Airport shift to affect Navi Mumbai property prices
By: Varun Singh
Real estate experts say that developers advertised proximity to proposed airport; predict 20 per cent fall in prices|
With the crash-landing of the Navi Mumbai Airport, experts believe that the real estate bazaar will also suffer. According to experts, if the proposed second airport is shunted out from Navi Mumbai, real estate prices will drop up to 20 per cent further. G S Gill, vice chairman of the City and Industrial Development Corporation (CIDCO) even said, "The airport will make Navi Mumbai a metro city or it will be like another Dombivili or Kalyan."
Most developers in Navi Mumbai, while advertising for their projects, had proximity to the airport as one of the major points in their brochures and advertisements. If the proposed airport doesn't come up, real estate prices in areas like Kharghar, Kamothe, JNPT and other important areas will fall by more than 20 per cent.

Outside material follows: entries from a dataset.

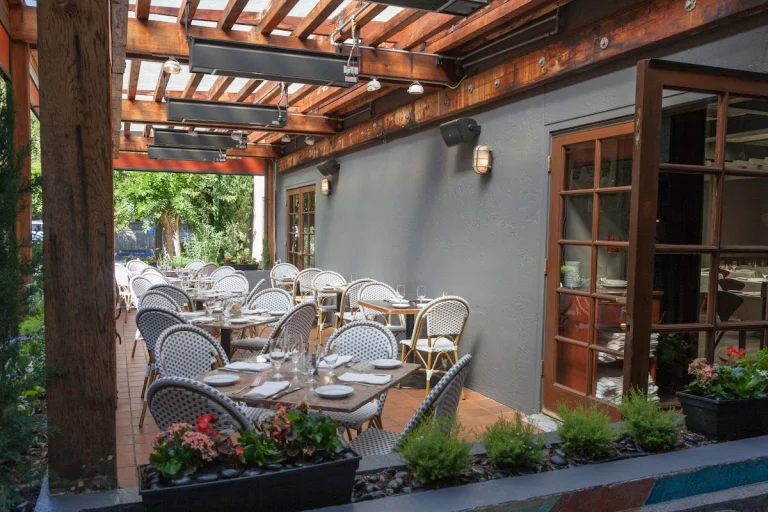 Piazza D'Angelo, a dog-friendly restaurant in Mill Valley, California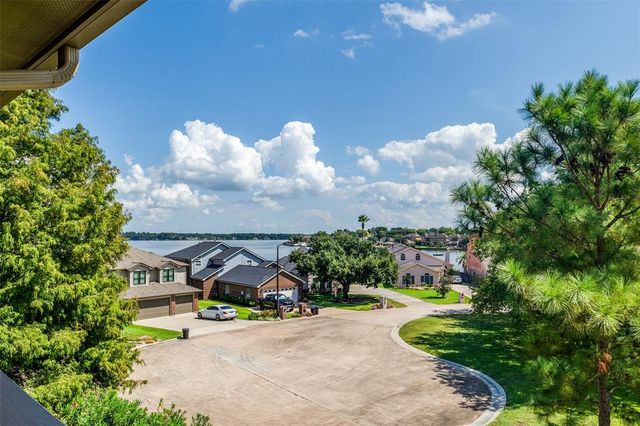 $335,000 | 17570 Highway 105 West, Unit 45 | Conroe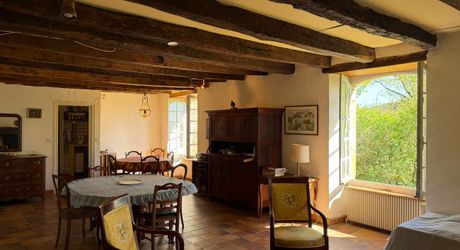 Propriété de charme  en pierre du Périgord avec vue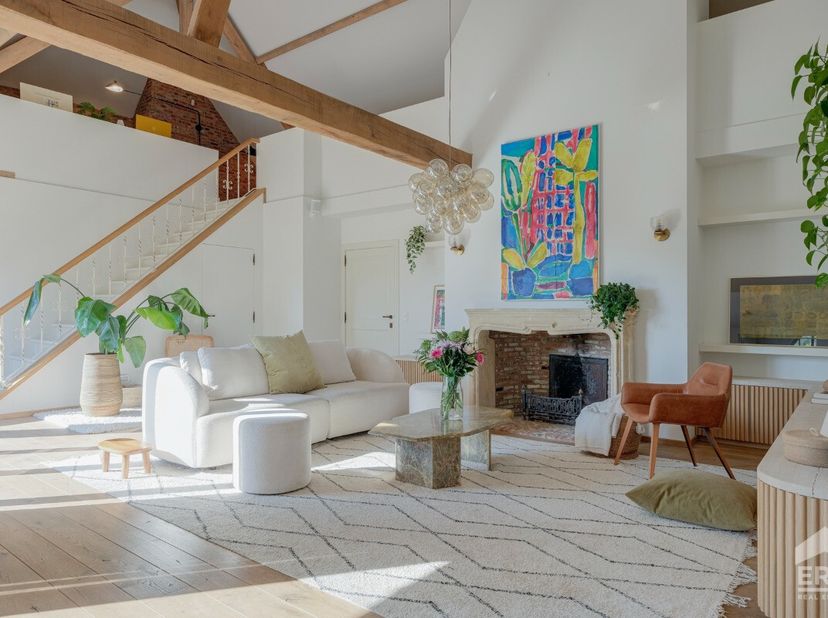 Unieke ligging in een prachtige bosrijke omgeving Deze villa werd opgetrokken met hoogwaardige luxematerialen en biedt een uitzonderlijk hoog niveau v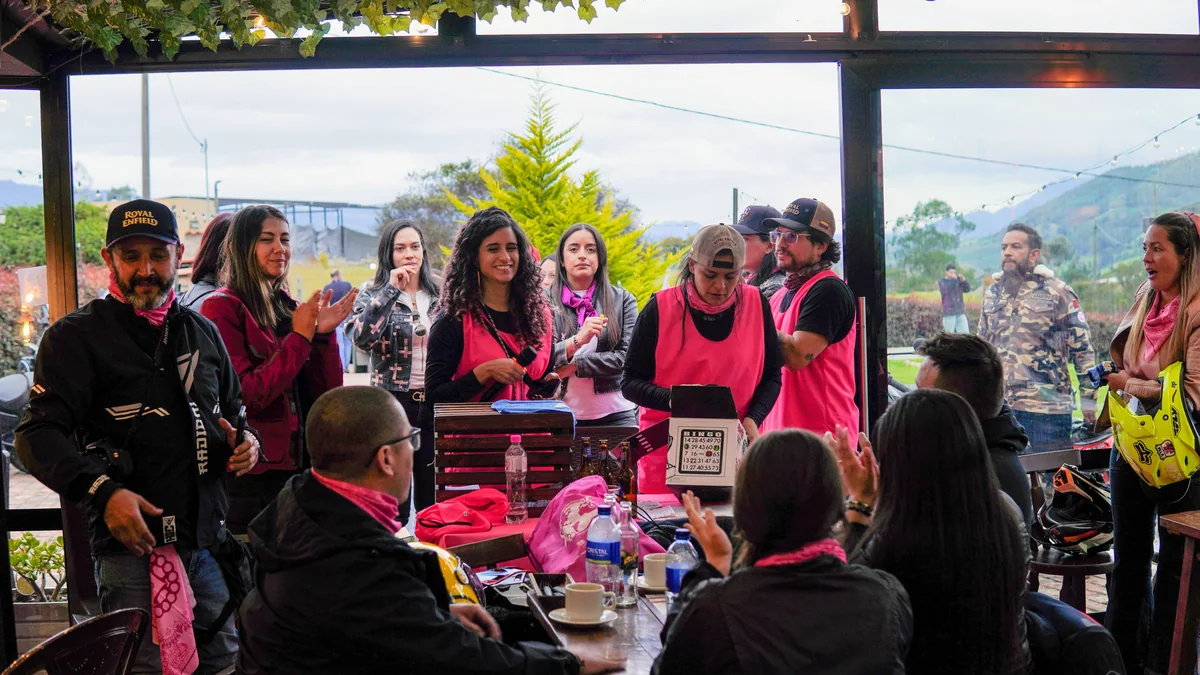 Participantes de La Ruta Rosa comparten un encuentro alrededor de una mesa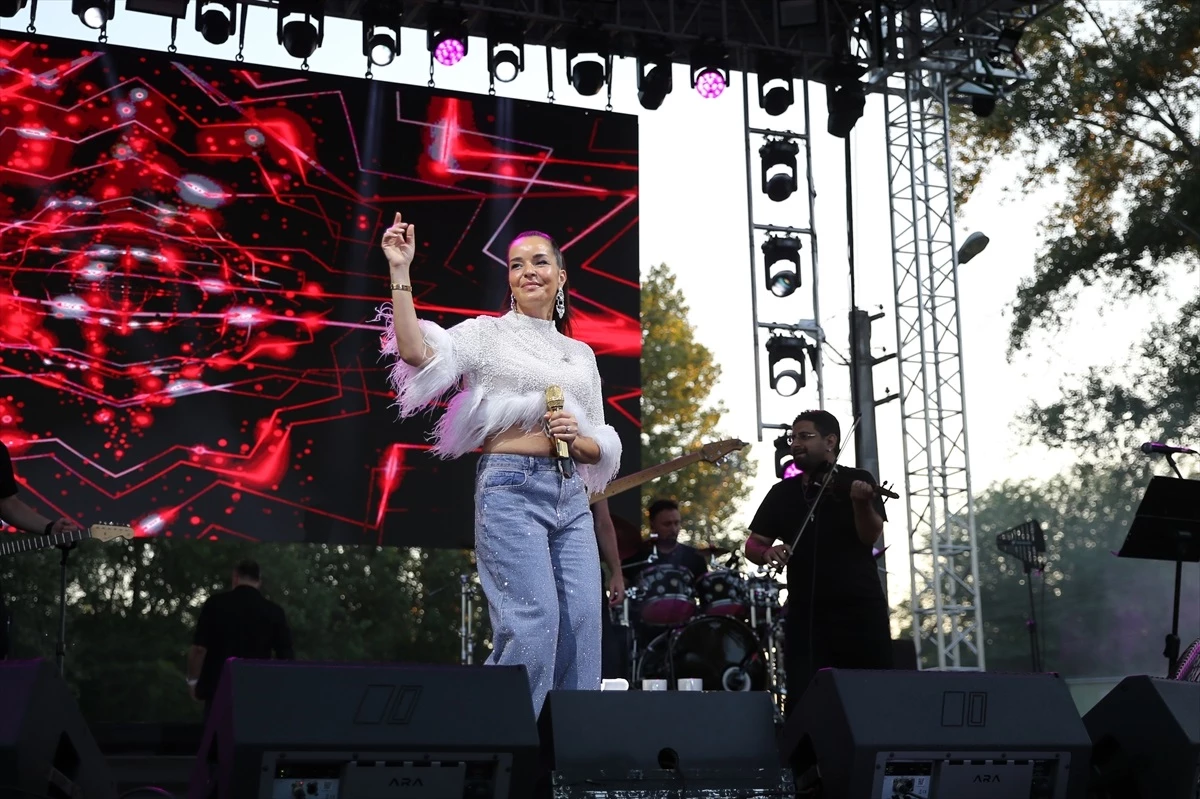 Bengü, Kırkpınar Yağlı Güreşleri Festivali'nde konser verdi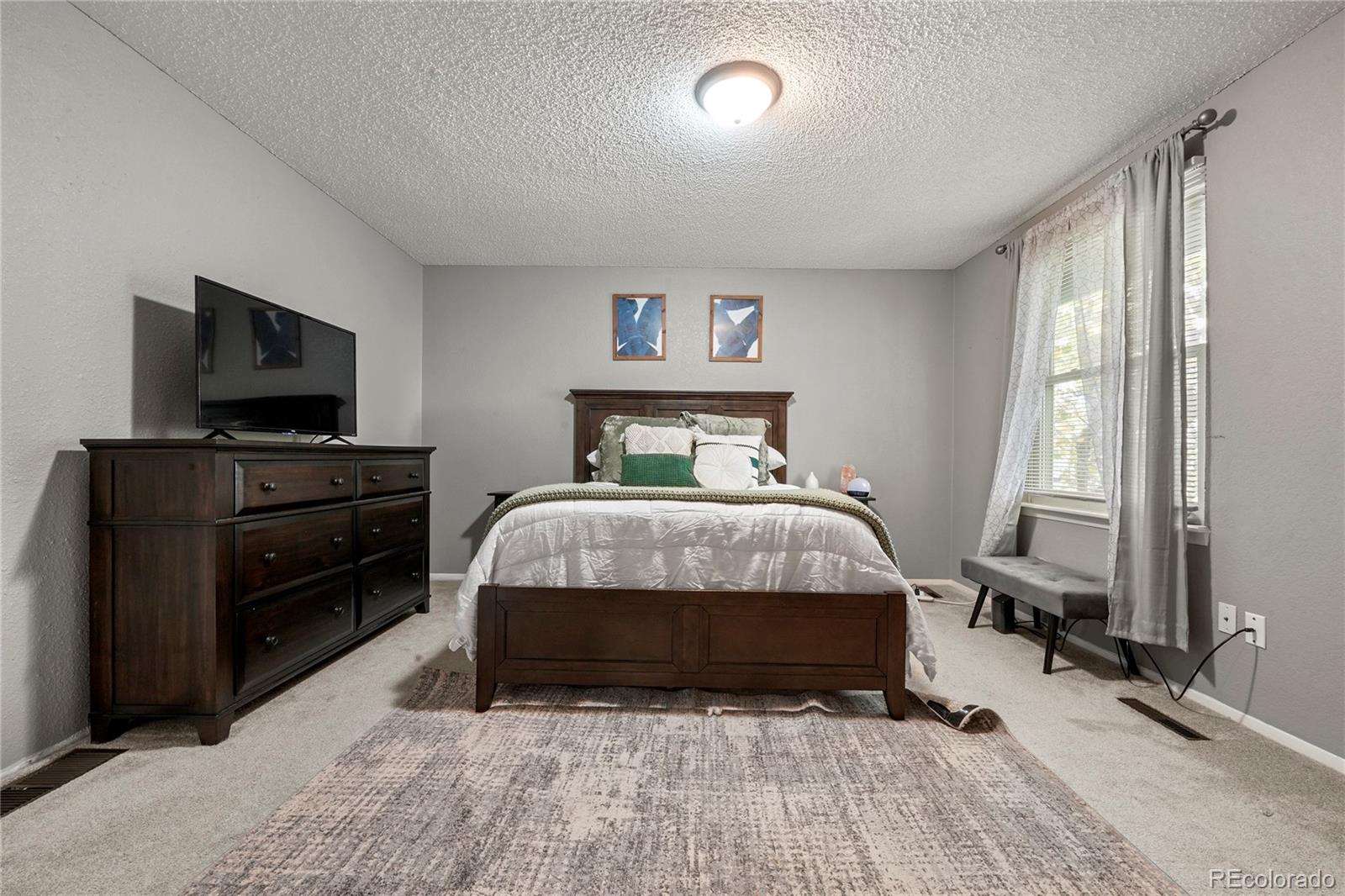 11687 Cedar Avenue, Aurora, CO 80012, 3 Bedrooms Bedrooms, ,3 BathroomsBathrooms,Residential,For Sale,Cedar,REC3469839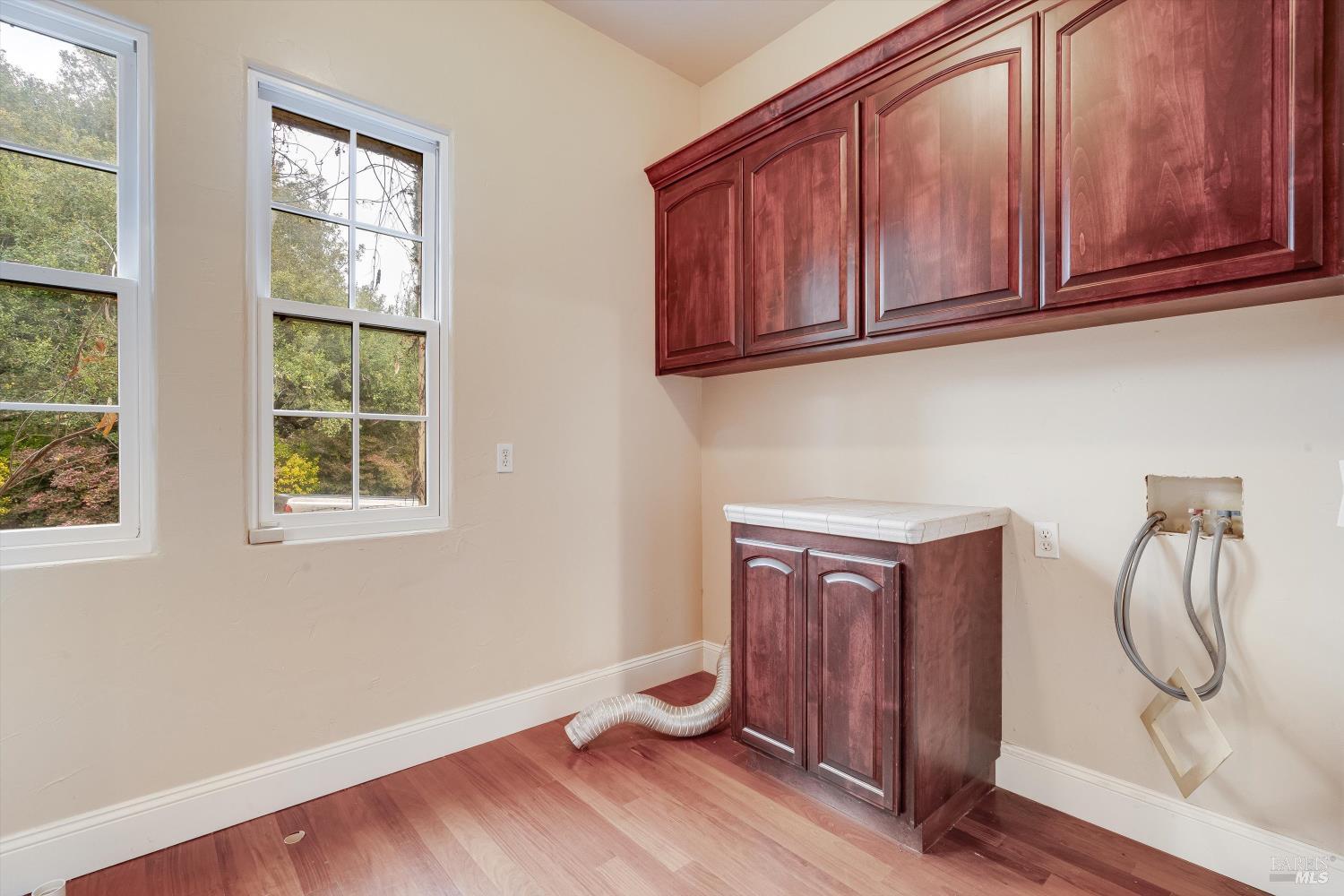 Detail Gallery Image 23 of 74 For 405 London Way, Sonoma,  CA 95476 - 5 Beds | 5/1 Baths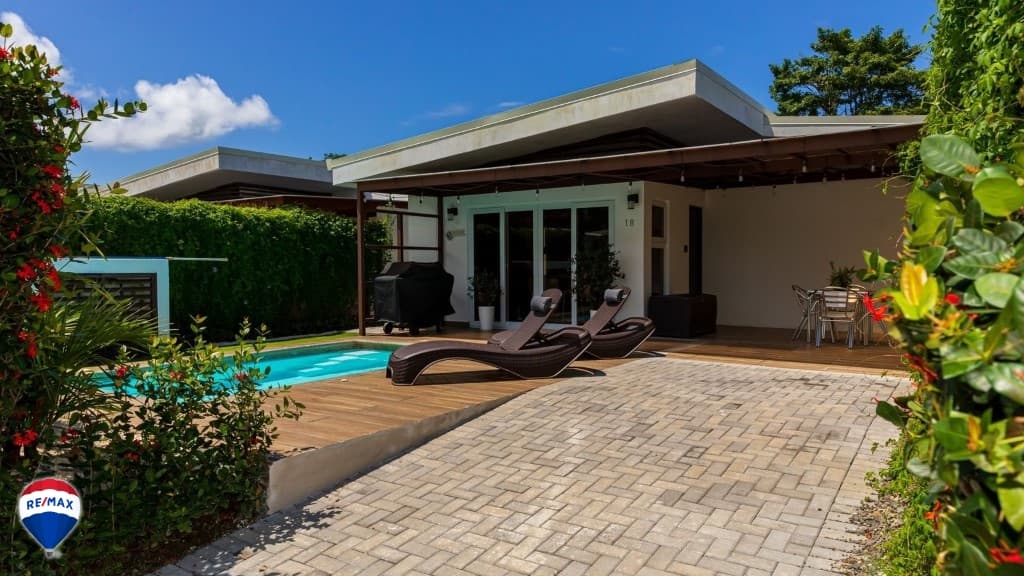 Beachside Two Bedroom House with Private Plunge Pool | Lapa Living, photo 3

Rupesh Parekh of Bhagya Kootir, a real estate brokerage firm situated in Navi Mumbai, said, "The rates in Navi Mumbai have already come down by 40 per cent, but if the proposed airport is shifted, the rates will further drop by 20 per cent."
Manohar Shroff, Secretary, Navi Mumbai Chamber of Housing, also echoed the same emotions. "If the airport in Navi Mumbai is dropped, the sentiments of the buyers will be shaken. It will result in low sales," added Shroff.
However, builders claim that it will not have much effect on their sales. Vineet Malhotra, chairman of Arrow Manhattan Engineering that has projects near the Navi Mumbai SEZ nearly nine kilometres away from the proposed airport, said, "The airport is for the classes and not for the masses. It will affect only two to three per cent of clients. Projects at Kharghar and nearby areas will be affected." However, Malhotra's project caters mostly to NRIs, who, as he puts it, belong to "the classes".
Rajesh Prajapati, founder president of the Builders Association of Navi Mumbai, says proximity to the airport was one of the plus points for purchasing real estate in this area, but not the only one. "The airport is an attraction, but people haven't bought real estate because of it.
"Infrastructure and education are the biggest attractions. The government should decide whether to dump or clear the airport plan. It's been more than 15 years now," said Prajapati. Apart from builders, the farmers whose lands are being priced at Rs 1 crore per acre will suffer. "We won't find any takers," said Parekh.
Environment minister Jairam Ramesh wrote a letter to the chief minister, suggesting that the state should look for another site for a second international airport. The airport, if ever developed, will be through the public-private partnership and is estimated to cost Rs 3,200-4,000 crore. It will handle 50-55 million passengers annually. The letter from the environment minister points out that the chosen site includes 150 hectares of mangrove land and 340 hectares of coastal marshy lands, including 118 hectares of water body.